My Thoughts on Meetings

Meetings can take up a lot of time and cost companies a fair amount of money. They often distract from real work, and fill up our day. When we have too many of them, it is difficult to remain enthusiastic about participating. Here, I’ll provide my thoughts on meetings. I’ll make the case for why we should seek to reduce the amount of time we spend them, and why we should make the time we do spend in them as productive as possible.

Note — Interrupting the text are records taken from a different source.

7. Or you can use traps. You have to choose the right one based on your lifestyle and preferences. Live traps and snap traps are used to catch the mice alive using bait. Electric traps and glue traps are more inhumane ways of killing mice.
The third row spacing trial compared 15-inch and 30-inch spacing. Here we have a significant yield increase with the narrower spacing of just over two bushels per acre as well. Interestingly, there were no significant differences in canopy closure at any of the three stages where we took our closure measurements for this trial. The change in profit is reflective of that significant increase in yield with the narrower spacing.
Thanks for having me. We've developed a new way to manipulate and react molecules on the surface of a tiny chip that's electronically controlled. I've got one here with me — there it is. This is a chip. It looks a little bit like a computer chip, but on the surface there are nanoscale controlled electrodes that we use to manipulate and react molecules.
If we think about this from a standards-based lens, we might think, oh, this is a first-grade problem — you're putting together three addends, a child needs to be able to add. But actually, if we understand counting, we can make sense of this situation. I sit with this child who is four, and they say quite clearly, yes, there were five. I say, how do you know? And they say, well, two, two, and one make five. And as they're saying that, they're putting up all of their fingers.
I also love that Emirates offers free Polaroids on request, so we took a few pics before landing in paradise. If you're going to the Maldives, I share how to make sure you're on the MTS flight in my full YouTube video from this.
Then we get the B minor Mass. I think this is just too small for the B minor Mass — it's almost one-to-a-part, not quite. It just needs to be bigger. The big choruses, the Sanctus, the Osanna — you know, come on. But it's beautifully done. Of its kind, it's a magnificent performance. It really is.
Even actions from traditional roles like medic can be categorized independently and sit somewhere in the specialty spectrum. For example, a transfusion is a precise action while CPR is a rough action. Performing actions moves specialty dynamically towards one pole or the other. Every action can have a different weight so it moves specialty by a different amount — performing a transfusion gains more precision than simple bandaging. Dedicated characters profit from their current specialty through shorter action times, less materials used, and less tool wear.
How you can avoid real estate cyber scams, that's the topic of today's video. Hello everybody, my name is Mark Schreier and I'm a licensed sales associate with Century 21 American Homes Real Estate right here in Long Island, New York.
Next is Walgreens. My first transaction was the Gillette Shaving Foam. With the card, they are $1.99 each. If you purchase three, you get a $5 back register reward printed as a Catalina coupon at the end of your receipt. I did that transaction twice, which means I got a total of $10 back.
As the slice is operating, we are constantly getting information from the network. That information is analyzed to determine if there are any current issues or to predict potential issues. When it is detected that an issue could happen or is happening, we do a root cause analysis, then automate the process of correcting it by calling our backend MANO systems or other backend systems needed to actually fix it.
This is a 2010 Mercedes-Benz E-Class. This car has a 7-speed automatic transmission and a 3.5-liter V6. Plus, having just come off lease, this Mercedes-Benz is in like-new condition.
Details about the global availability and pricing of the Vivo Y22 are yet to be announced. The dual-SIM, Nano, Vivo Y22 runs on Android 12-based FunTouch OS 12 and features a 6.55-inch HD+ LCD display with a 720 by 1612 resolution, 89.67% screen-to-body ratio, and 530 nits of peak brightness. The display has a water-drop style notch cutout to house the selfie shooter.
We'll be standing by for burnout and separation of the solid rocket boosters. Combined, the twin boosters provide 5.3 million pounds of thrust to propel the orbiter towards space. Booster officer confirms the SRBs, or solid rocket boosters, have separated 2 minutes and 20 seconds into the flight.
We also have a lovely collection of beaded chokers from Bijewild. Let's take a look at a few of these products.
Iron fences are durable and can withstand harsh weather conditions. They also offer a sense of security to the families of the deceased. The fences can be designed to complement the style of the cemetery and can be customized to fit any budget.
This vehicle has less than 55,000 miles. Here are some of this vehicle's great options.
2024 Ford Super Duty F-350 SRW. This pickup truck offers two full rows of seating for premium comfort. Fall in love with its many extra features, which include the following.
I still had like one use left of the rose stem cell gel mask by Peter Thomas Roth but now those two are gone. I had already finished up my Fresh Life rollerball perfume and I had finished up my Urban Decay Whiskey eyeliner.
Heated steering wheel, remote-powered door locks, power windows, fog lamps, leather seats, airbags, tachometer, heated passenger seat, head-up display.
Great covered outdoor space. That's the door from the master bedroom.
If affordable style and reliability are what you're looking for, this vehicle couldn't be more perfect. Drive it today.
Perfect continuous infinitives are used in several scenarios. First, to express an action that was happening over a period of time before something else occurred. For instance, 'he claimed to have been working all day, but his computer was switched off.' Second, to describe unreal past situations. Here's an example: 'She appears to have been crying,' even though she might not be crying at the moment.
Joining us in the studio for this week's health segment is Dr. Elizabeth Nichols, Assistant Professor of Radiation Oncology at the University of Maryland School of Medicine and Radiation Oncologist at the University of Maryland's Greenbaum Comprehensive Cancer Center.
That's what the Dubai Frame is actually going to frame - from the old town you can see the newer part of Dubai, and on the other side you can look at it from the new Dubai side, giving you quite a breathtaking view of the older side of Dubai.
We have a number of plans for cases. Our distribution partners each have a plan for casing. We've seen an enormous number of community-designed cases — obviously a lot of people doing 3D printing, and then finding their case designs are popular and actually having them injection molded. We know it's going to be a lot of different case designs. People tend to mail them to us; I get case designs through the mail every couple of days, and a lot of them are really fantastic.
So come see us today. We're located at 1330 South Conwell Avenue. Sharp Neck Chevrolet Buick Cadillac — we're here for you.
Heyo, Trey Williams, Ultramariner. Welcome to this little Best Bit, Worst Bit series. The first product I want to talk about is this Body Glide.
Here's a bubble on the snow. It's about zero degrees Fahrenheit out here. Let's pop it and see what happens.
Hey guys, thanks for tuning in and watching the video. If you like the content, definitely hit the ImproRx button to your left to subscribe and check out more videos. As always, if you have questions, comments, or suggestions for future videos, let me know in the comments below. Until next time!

Why (Too Many) Meetings Are Bad

Here are some interesting tidbits:

  • Time spent in meetings keeps rising
    • Meetings often start and end late
  • People don’t pay as much attention during meetings as you’d think:
  • The majority of meetings have no agenda
  • Decision-making during meetings is not all it’s cracked up to be
  • Tracking status is best done other ways
    • Reporting on work is faster in parallel when distributed (i.e., everyone reports their own status updates via tickets)
    • Handling people that haven’t updated their task status can be done individually (or email shamed to a group if necessary)
  • Meeting requires scheduling
    • Often requires delaying decisions because not all participants are available
    • Conflicts or meetings “going over” can cause cascading disruptions
    • People miss meeting reminders or sometimes just can’t show up

Some Goals

  • Spend less time in meetings
  • Focus more on asynchronous methods of decision making
  • Empower decision making through autonomy and a collaborative culture
  • Ensure meetings that survive scrutiny are organized, purposeful, and productive

How To Accomplish Them

Hold fewer meetings

If there is one thing to take away from this entire post, it is this: Before sending a meeting invitation, consider if a decision can be reached another way. Other options include email, chat room, or even pull requests. Many times, a group chat or an email thread could replace a meeting, often with much better results.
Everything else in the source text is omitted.